System heats only the first three metres of air, so that no heat vanishes into high roof voids

St Boniface’s, Whipton

The school-run cafe in St Boniface’s, Whipton

The school-run cafe in St Boniface’s, Whipton

THE congregation of St Boniface’s, Whipton, in Exeter, is feeling the benefit of a new underfloor heating system, which has been designed to maintain a steady temperature throughout the winter and to support the Church of England’s target to reduce emissions to net zero by 2030.

The 1950s building, which serves as a community hub throughout the week, originally had underfloor heating and has since had solar panels installed. Its failing boiler had struggled for two years to make an impact on the space, however, and any replacement would have had to be fossil fuel-free.

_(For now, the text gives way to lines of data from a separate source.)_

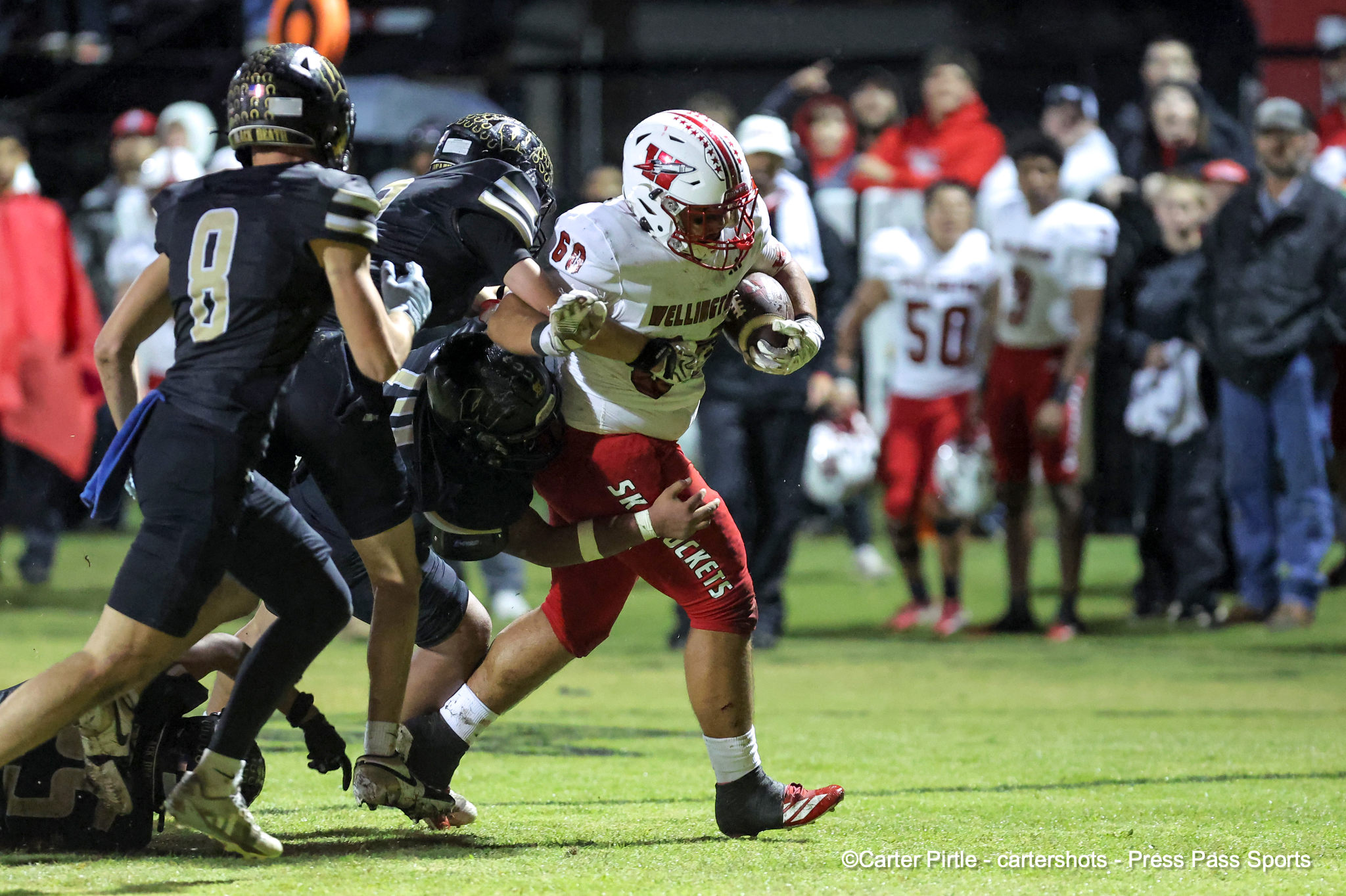A football running back in a white and red uniform carries the ball while defenders in black pursue on a lit football field, with a crowd watching from the stands in the background.
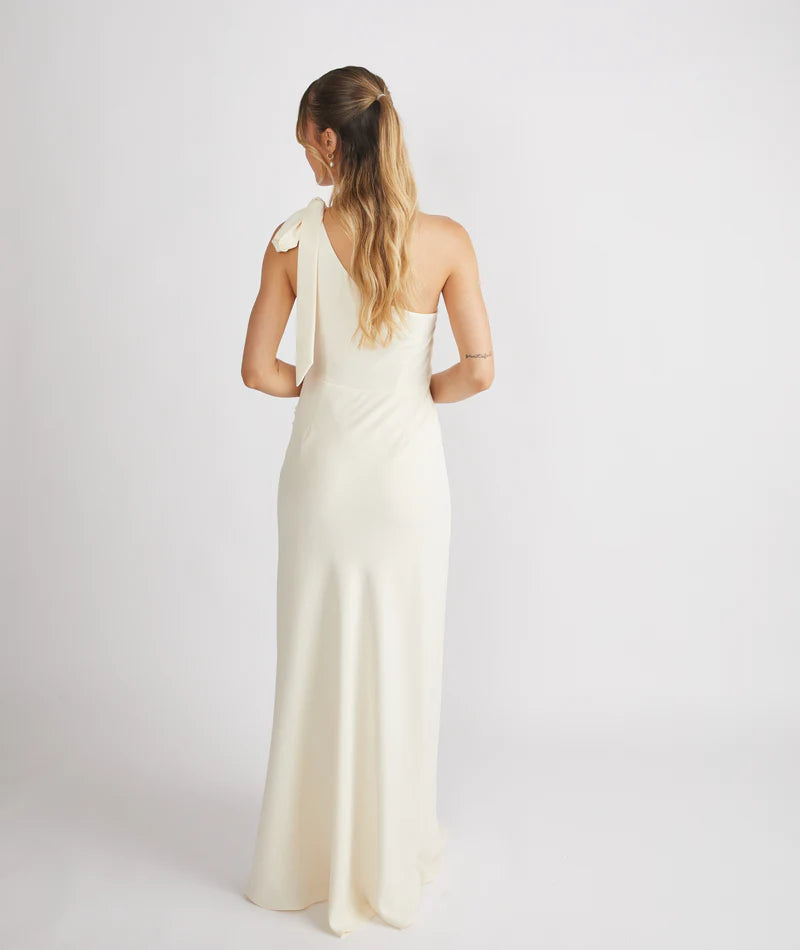 Woman wearing Six Stories crepe one shoulder bridesmaid dress in Almond colour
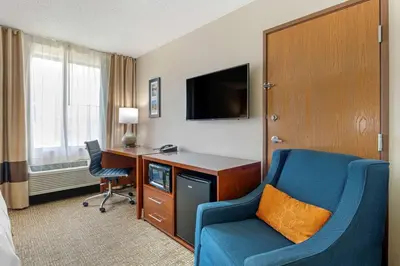 a hotel room with a desk and a blue chair at Comfort Inn Anderson South in Anderson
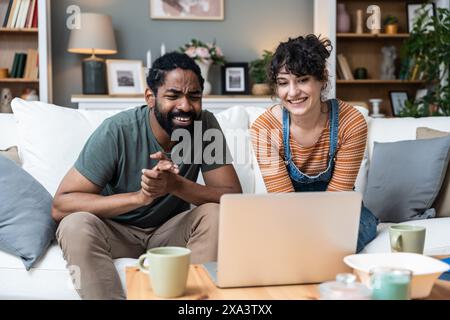 Young freelance workers couple man and woman having video call on laptop with customer or client. Small online business company owners, working at hom Stock Photo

Four air-source heat pumps supply the system with warm water, taking electricity from the solar panels. A pioneering technique that eliminated the need to dig up and rebuild the entire floor was used to lay the 400m² of heating pipes. The system aims to heat only the first 3m of air, to avoid heat vanishing into high roof voids.

St Boniface’s, WhiptonChannels of pipe work for the underfloor heating are installed

The whole project has cost in the region of £180,000. The biggest component has come from a Stage 2 capital grant from the C of E’s Net Zero Carbon Programme. Funding also came from the Garfield Weston Foundation, and £30,000 was raised by the church itself.

“It’s a delightfully simple system,” the Priest-in-Charge, the Revd Carl Robinson, said on Monday. “It maintains its temperature and can be on low and slow now for the next four months, right through the winter, without any intervention.

“We’d been trying our best to manage the system as it was and not to spend an eye- watering amount of money on heating, as most churches do. The proof will be in the pudding — we’ll have to run it for a year and how it compares — but we’re hoping we can save a bit of money and employ a youth worker. For the moment, we’re just so happy to be back in.”

The “amazing” congregation had given sacrificially, he said. “One thing we did was a GoFund me [appeal] which we sent out to friends all over the country to pass on, to get us up and running to develop the project. It’s been really good.”

Mr Robinson praised the local contractors and the quality of the work. In January, as a demonstrator church, it will be putting on an open day for churches and dioceses that may wish to go down the same route.